Nachruf

Habsburger-Biograph: Historiker Weissensteiner ist tot

Friedrich Weissensteiner, Historiker, Schuldirektor in Döbling, Autor etlicher Bücher, ist 95-jährig gestorben.

Wenn jetzt anlässlich der Affäre um den Film „Corsage“ die Habsburger wieder einmal ins Gerede kommen, fällt Geschichtsinteressierten wohl der Historiker Friedrich Weissensteiner ein: Er hat etwa in „Frauen auf Habsburgs Thron“ (erschienen 1998) Sisi als egozentrische, narzisstische Frau beschrieben, die ihre Pflichten vernachlässigt habe und „keine Kaiserin“ gewesen sei: „Sie führte nur diesen Titel.“

Solche pointierten Urteile konnte sich Weissensteiner erlauben, weil er seine Pflichten als Historiker nie vernachlässigte.
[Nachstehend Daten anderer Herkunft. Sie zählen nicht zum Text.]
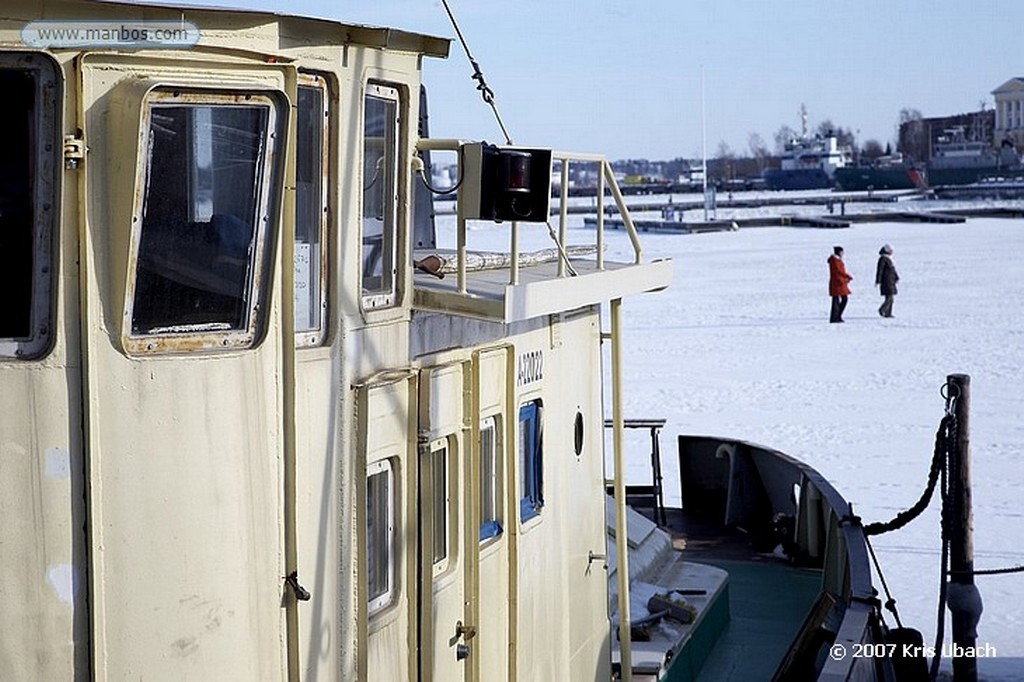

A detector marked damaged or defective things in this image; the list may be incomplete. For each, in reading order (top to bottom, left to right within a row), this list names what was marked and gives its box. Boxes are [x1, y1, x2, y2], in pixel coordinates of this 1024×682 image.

rusty window frame [0, 52, 58, 358]
rusty window frame [124, 89, 284, 352]
rusty window frame [292, 74, 327, 346]
rusty window frame [360, 80, 399, 311]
Er blieb stets seriös, bei aller Freude am Originellen. Und an Originalen, wie der „roten Erzherzogin“ Elisabeth Petznek, dem einzigen Kind des Kronprinzen Rudolf: Sie war in der Republik aktive Sozialdemokratin, öffnete den Garten von Schloss Schönau für die armen Arbeiterkinder der Umgebung, verkaufte Nelken am Ersten Mai.
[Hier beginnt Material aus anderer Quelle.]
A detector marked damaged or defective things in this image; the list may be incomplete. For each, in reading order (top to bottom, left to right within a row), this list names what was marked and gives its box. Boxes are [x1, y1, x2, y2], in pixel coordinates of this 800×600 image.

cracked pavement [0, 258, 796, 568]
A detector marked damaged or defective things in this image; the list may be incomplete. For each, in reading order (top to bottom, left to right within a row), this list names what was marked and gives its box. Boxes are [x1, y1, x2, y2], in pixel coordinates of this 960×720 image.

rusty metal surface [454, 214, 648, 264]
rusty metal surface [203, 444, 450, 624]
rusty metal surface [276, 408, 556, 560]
Der in Großpertholz im Waldviertel aufgewachsene Weissensteiner, dessen eigene politische Sympathie der Sozialdemokratie galt, widmete Monografien auch dem „verhinderten Herrscher“ Franz Ferdinand und dem Erzherzog Johann Salvator („Ein Aussteiger aus dem Kaiserhaus“), er schrieb über die Söhne und die Töchter Maria Theresias und die Frauen im Leben Kaiser Franz Josephs, nur zum Beispiel. Wichtig war ihm stets das kulturelle Umfeld. Das merkte man auch den von ihm verfassten Schulbüchern an, in die er etwa Ausschnitte aus Egon Friedells „Kulturgeschichte der Neuzeit“ aufnahm.
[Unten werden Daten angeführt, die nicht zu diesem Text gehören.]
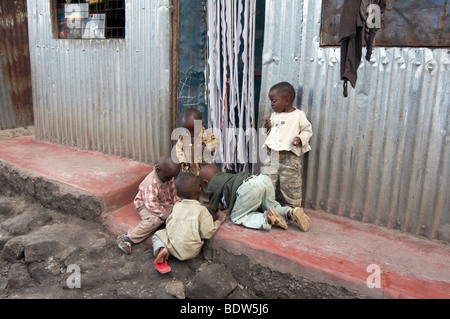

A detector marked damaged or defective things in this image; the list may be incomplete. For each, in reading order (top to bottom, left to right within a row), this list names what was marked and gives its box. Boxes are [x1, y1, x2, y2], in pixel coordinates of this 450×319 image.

rusty metal sheet [0, 0, 33, 130]
rusty metal sheet [322, 0, 448, 47]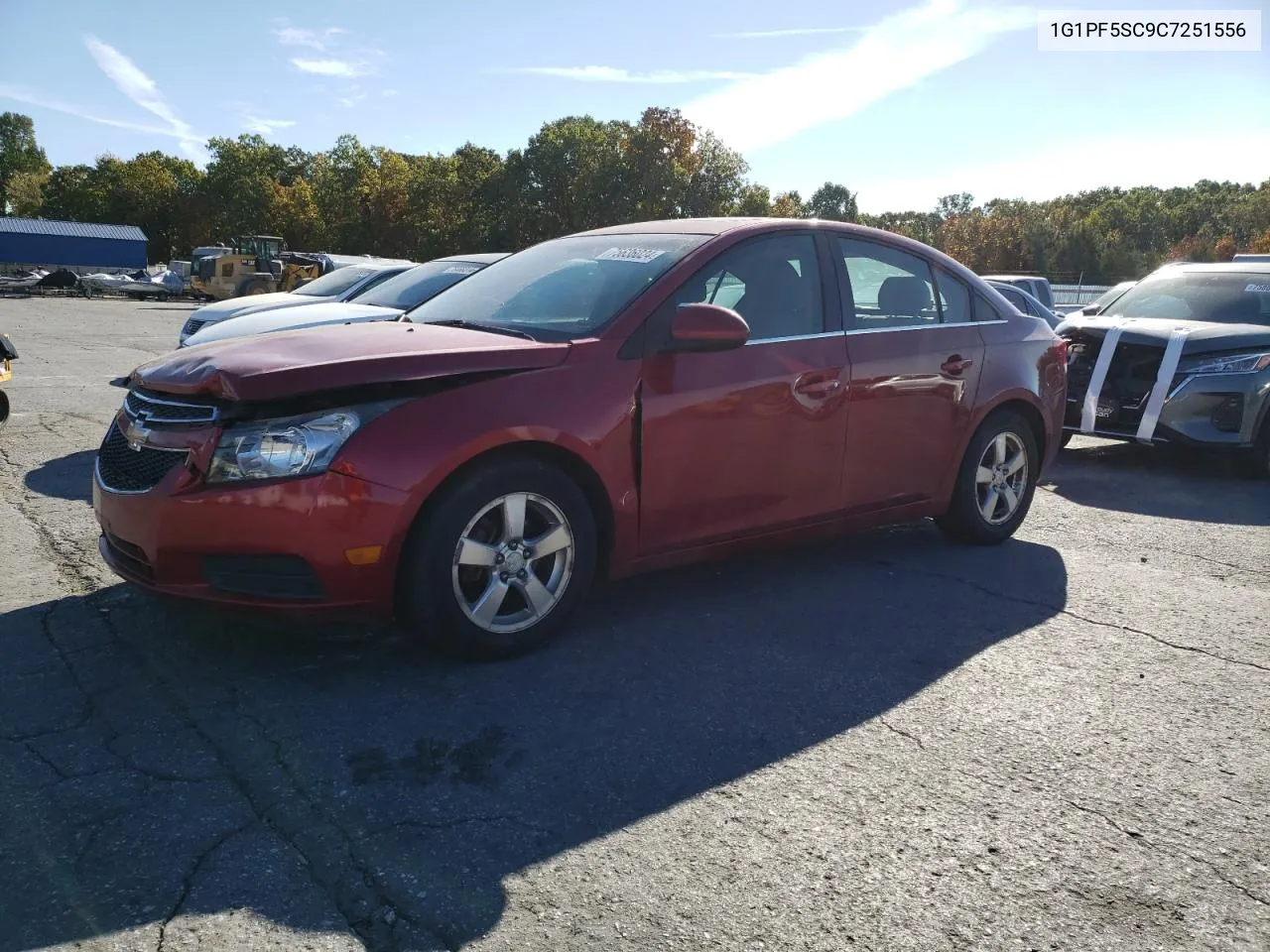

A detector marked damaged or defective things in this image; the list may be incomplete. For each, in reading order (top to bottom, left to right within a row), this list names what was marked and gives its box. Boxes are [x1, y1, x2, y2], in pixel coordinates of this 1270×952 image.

crumpled hood [193, 291, 322, 320]
crumpled hood [183, 301, 401, 347]
crumpled hood [131, 320, 569, 404]
crumpled hood [1051, 314, 1270, 355]
crack in asphalt [873, 563, 1270, 674]
crack in asphalt [153, 822, 252, 952]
Gar nicht nur nebenbei leitete Friedrich Weissensteiner, AHS-Lehrer für Geschichte und Englisch, von 1974 bis 1987 das Döblinger Gymnasium in der Gymnasiumstraße: ein Direktor, der seine Schüler nie vergessen ließ, dass er von ihnen einiges verlangte, sie dafür aber respektierte. Auch sie gedenken jetzt des sein Leben lang produktiven Historikers, der 95-jährig in Wien gestorben ist.